There are some computer fields, like computer forensics and security analysis, that require the replaying of interesting operational sequences. On uniprocessor systems, this is not a problem. Critical events are logged and can then be replayed as needed. But what do you do on contemporary multiprocessor systems running distributed parallel applications? The standard logging approach requires single-threaded log entries, which turns multiprocessing back into uniprocessing, defeating the performance advantages of multiprocessing. The few record-and-replay solutions that have been created for parallel processing systems thus have prohibitive performance penalties as a result of such sequentialization.

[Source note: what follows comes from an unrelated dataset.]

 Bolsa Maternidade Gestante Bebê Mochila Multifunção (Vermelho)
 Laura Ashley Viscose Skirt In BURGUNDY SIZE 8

The DoublePlay solution presented in this paper minimizes sequentialization and is now the most efficient deterministic replay solution for multiprocessors. Overhead ranges from 20 to 100 percent, as opposed to other solutions that run as high as 1100 percent. This innovation can make record-and-replay practical for many parallel applications.
Overall execution is subdivided into time slices called epochs, which are bounded by critical events. The 2D matrix created by epochs and processors is then swapped, exchanging columns for rows. This translation re-orders the epoch/processor segments so that they can be sequenced in parallel, but deterministically, preserving the order of critical events. The application is rerun following this reordered execution sequence, putting the “double” in DoublePlay. The replay log is created by this reordered run, and a deterministic sequence is then available for future replays.
I found the subject matter to be complex, and the paper is relatively long at 24 pages. However, the writing, style, and presentation of the paper was excellent and made for easy reading. The paper itself did not get in the way, which happens all too frequently, even with simple subjects.
As an apparent breakthrough in its field, this paper should interest anyone researching or developing deterministic replay systems. It may have broader application, though, in operating system design, fault tolerance, or even computer forensics.